▸ Problem requirements:
Give back the records below verbatim, please, but without a single image.
---+---
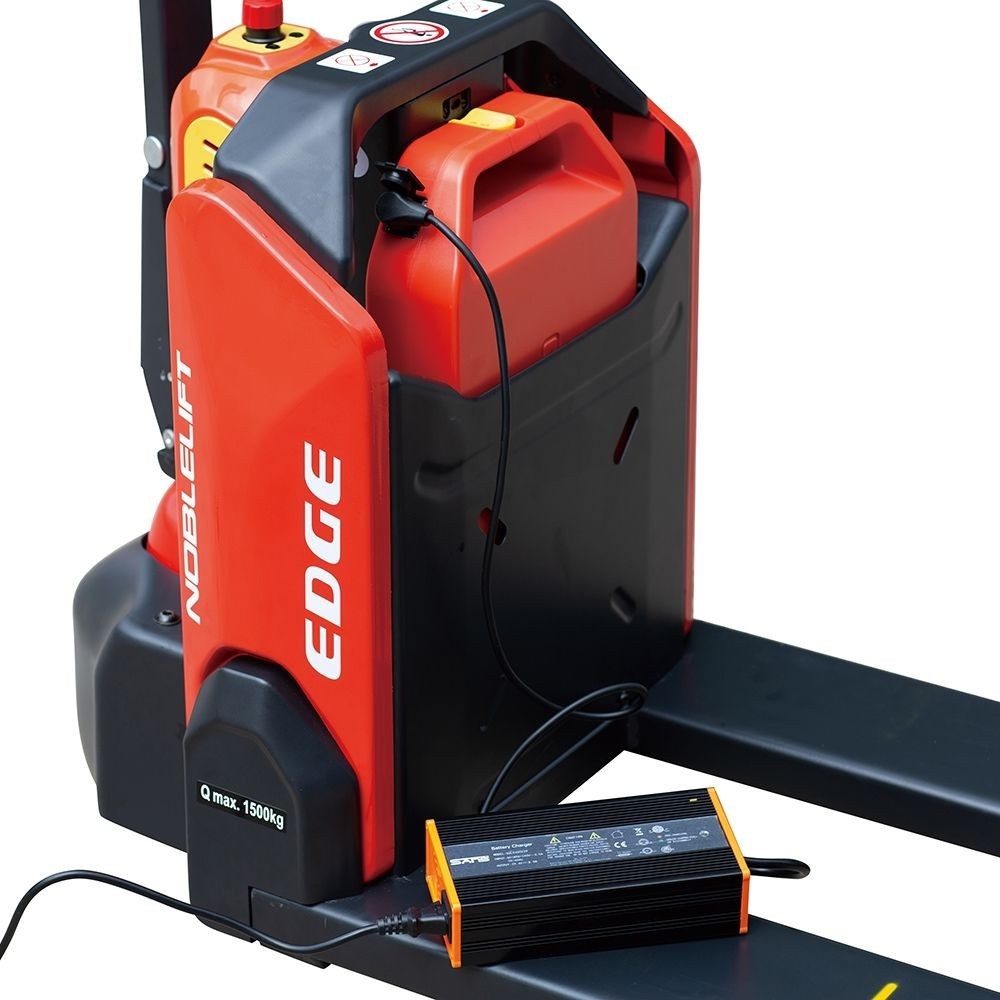 24Volt 20Ah Lithium Battery For Noblelift EDGE PTE12N PTE15N PTE33N Pallet Truck
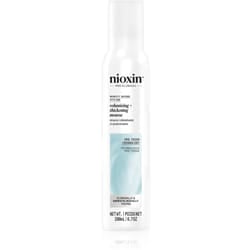 Nioxin Density Defend Styling Volumizing 200 ml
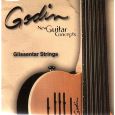 Godin Glissentar Strings Thumbnail 1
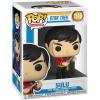 Sulu (Star Trek) Pop Vinyl Television Series (Funko)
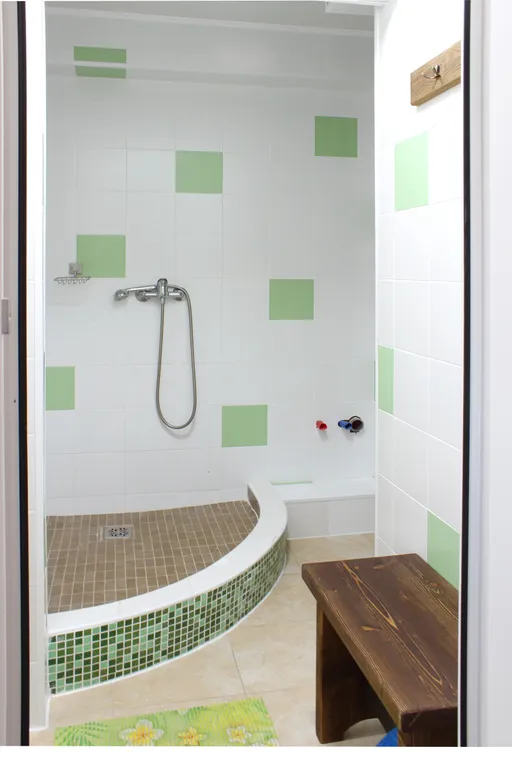 Апартамент "Бриг"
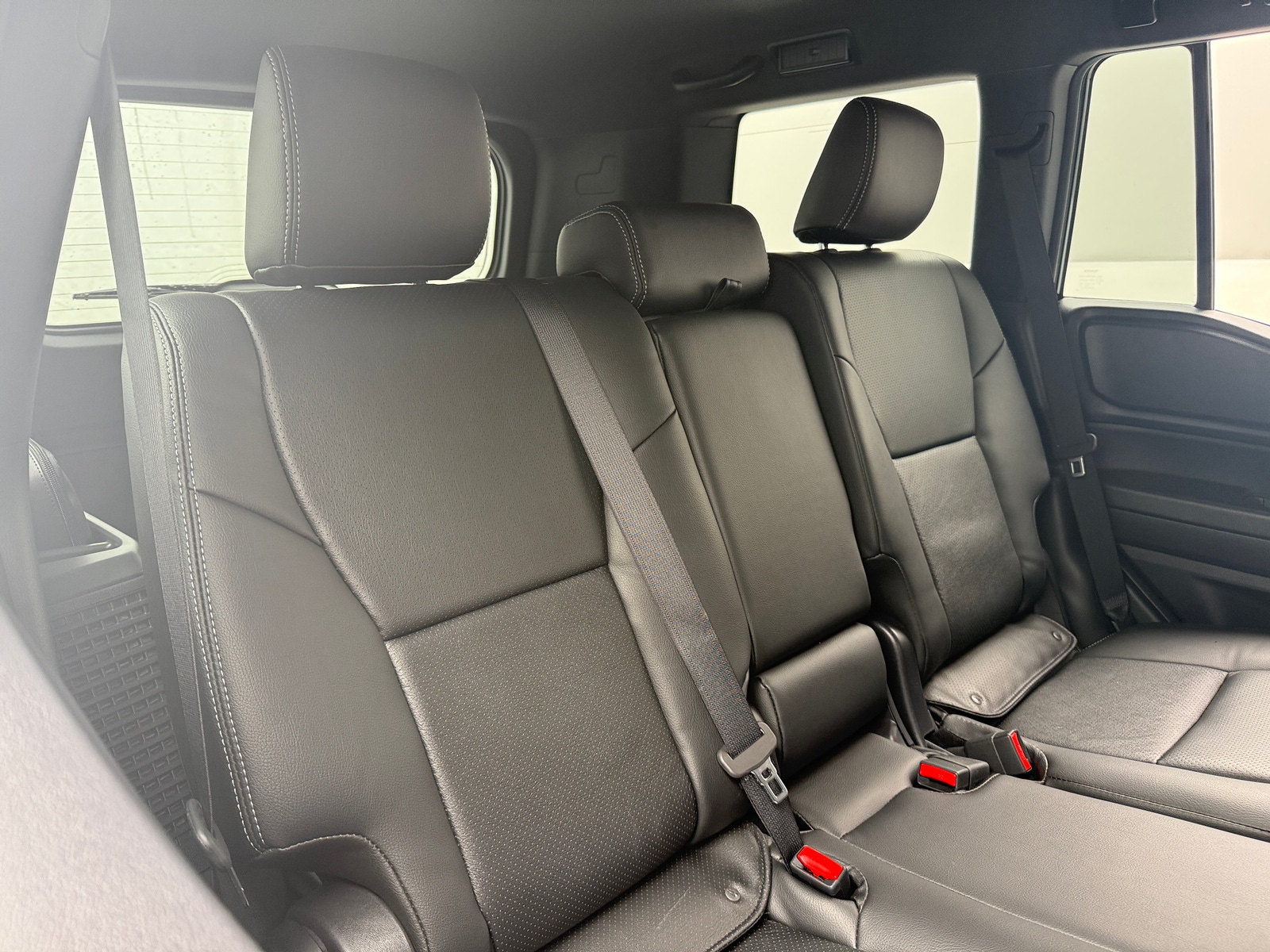 Thumbnail: 2025 Toyota Land Cruiser - 6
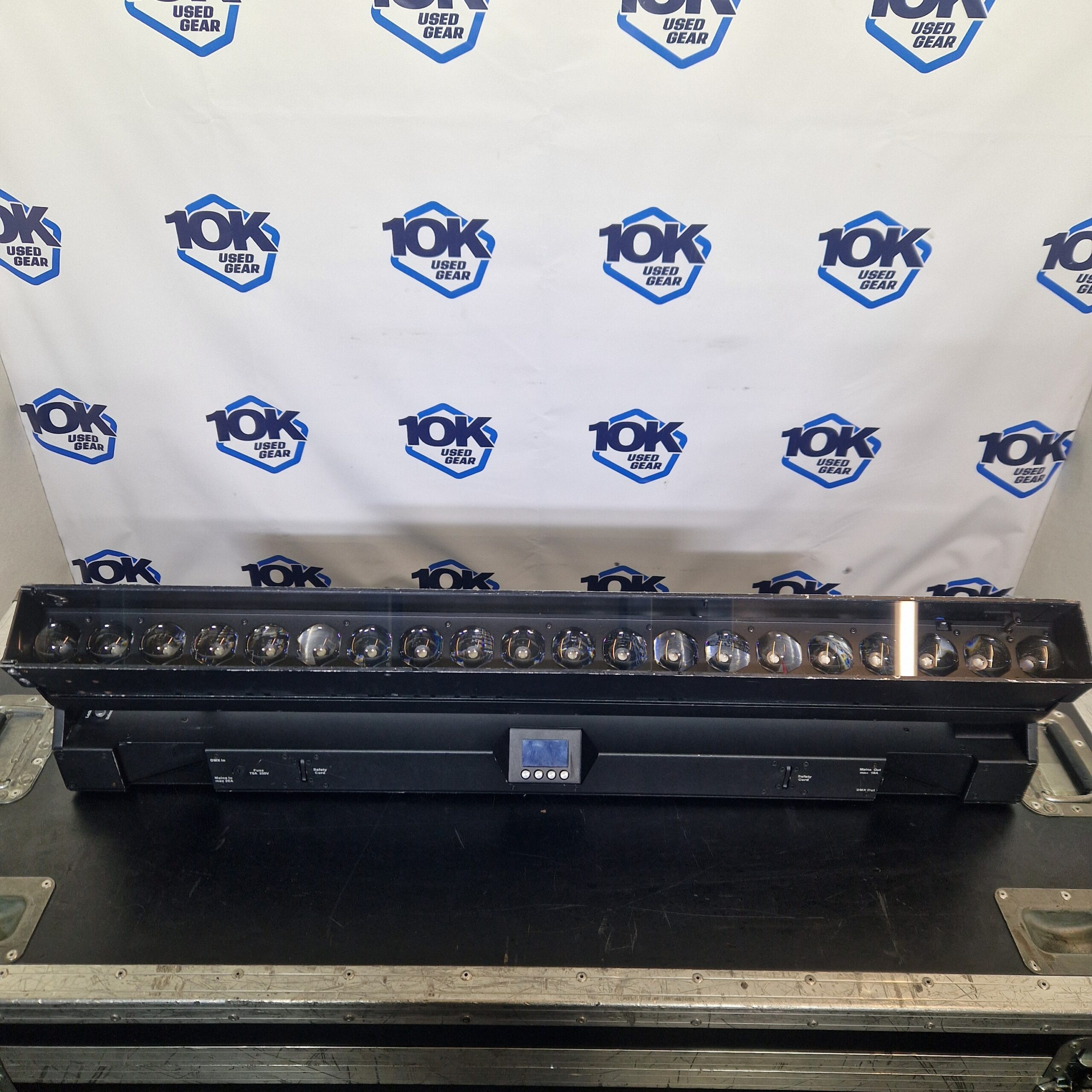 Used GLP X4 Bar 20 for sale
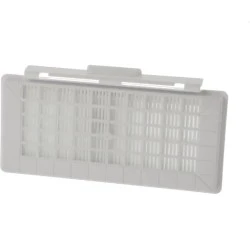 Alapure HEPA Hygiënefilter Stofzuiger geschikt voor Siemens 17007966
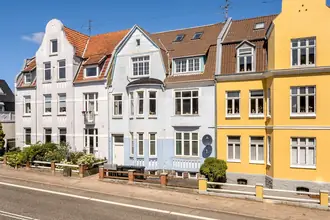 Ejerlejlighed på Hilmar Finsens Gade 9, 2., 6400 Sønderborg
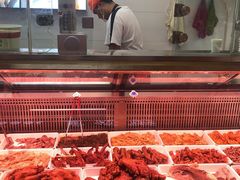 -阿满卤香鸡(新街口印象汇店)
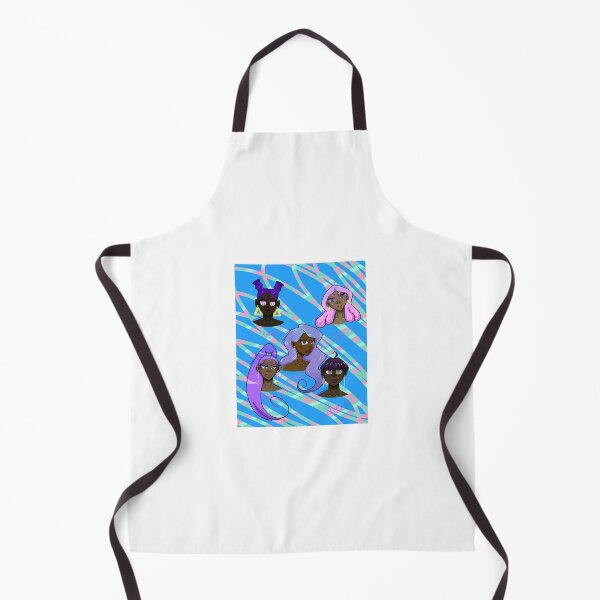 Item preview, Girlies designed and sold by TreBeyond.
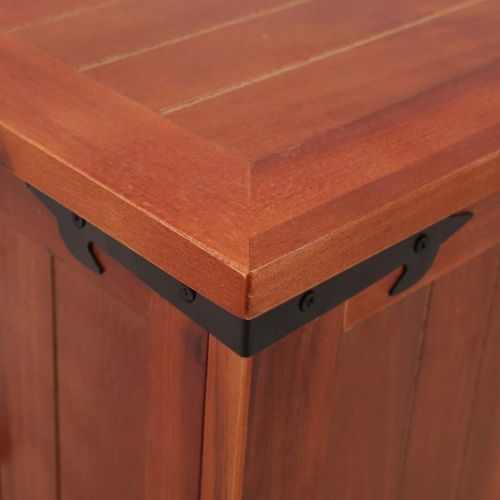 Ракла, 90x45x40 см, акациево дърво масив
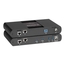 ICU504A: USB 3.1 Gen1, USB 2.0, USB 1.1, 100m, 4-porttinen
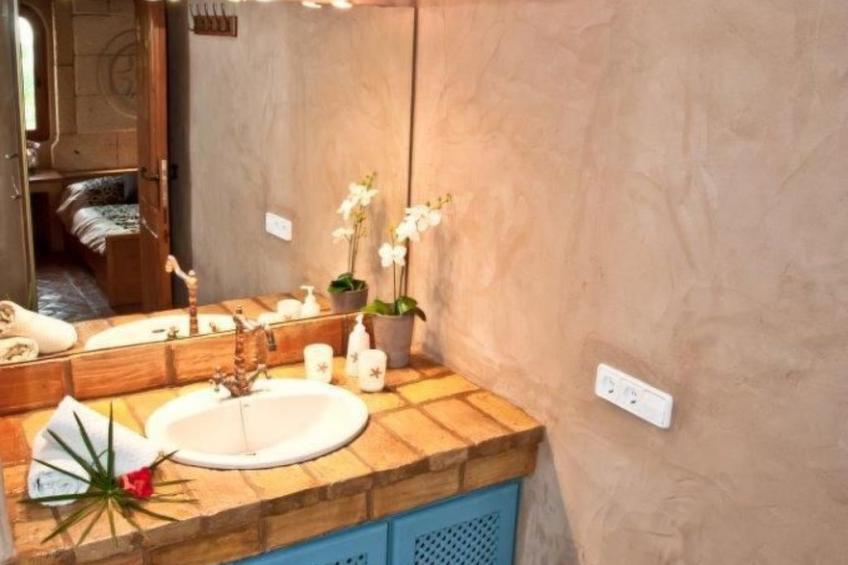 in La Matanza De Acentejo mit Großem Garten und Panoramablick - foto 15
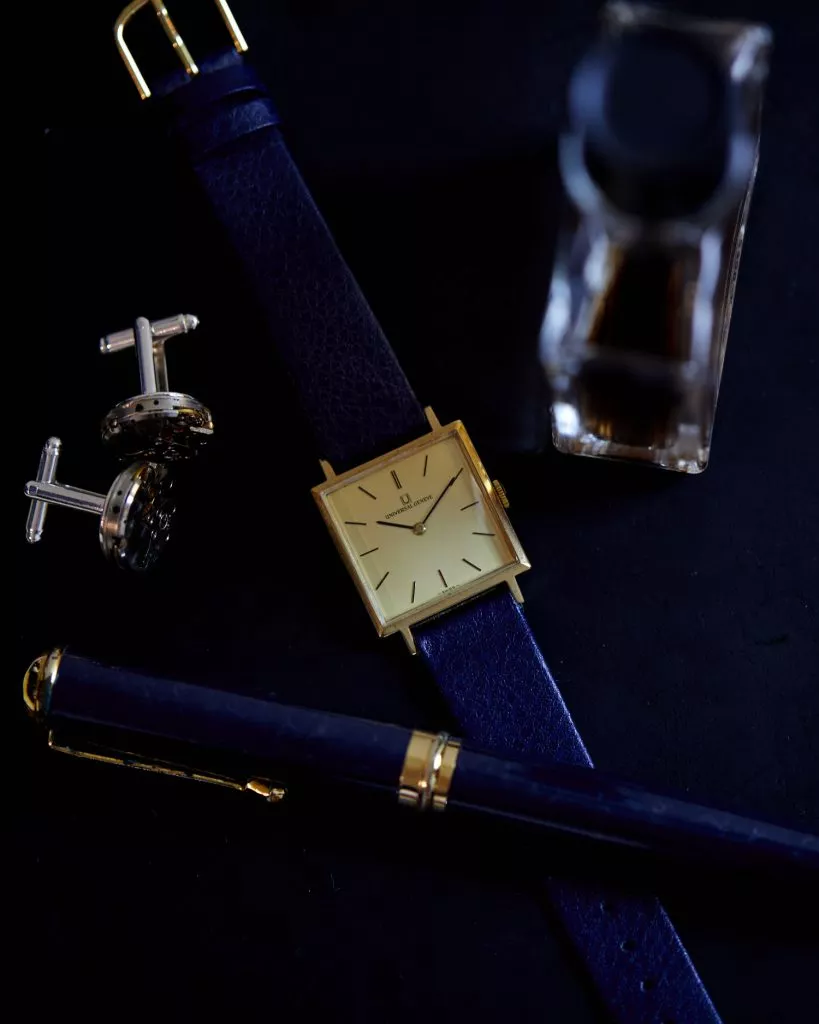 Best place to sell vintage watches hotsell
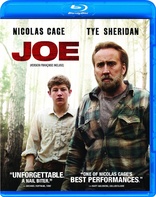 Joe (Blu-ray Movie)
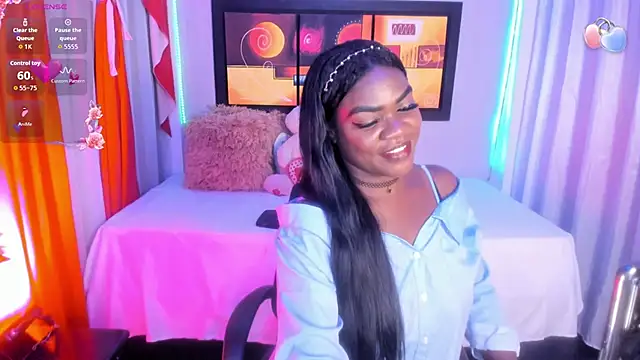 Emabland2 online show from 02.07.26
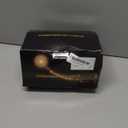 Led Net Lights Christmas Lights Outdoor 200Led 9 ftx 6ft Upgraded WarmWhite Christmas Net Lighting, Waterproof 5mm LED Wide Angle Outdoor Indoor Mesh Net Light for Trees, Bushes, Shrubs Decorations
---+---
▸ Task solution:
 24Volt 20Ah Lithium Battery For Noblelift EDGE PTE12N PTE15N PTE33N Pallet Truck
 Nioxin Density Defend Styling Volumizing 200 ml
 Godin Glissentar Strings Thumbnail 1
 Sulu (Star Trek) Pop Vinyl Television Series (Funko)
 Апартамент "Бриг"
 Thumbnail: 2025 Toyota Land Cruiser - 6
 Used GLP X4 Bar 20 for sale
 Alapure HEPA Hygiënefilter Stofzuiger geschikt voor Siemens 17007966
 Ejerlejlighed på Hilmar Finsens Gade 9, 2., 6400 Sønderborg
 -阿满卤香鸡(新街口印象汇店)
 Item preview, Girlies designed and sold by TreBeyond.
 Ракла, 90x45x40 см, акациево дърво масив
 ICU504A: USB 3.1 Gen1, USB 2.0, USB 1.1, 100m, 4-porttinen
 in La Matanza De Acentejo mit Großem Garten und Panoramablick - foto 15
 Best place to sell vintage watches hotsell
 Joe (Blu-ray Movie)
 Emabland2 online show from 02.07.26
 Led Net Lights Christmas Lights Outdoor 200Led 9 ftx 6ft Upgraded WarmWhite Christmas Net Lighting, Waterproof 5mm LED Wide Angle Outdoor Indoor Mesh Net Light for Trees, Bushes, Shrubs Decorations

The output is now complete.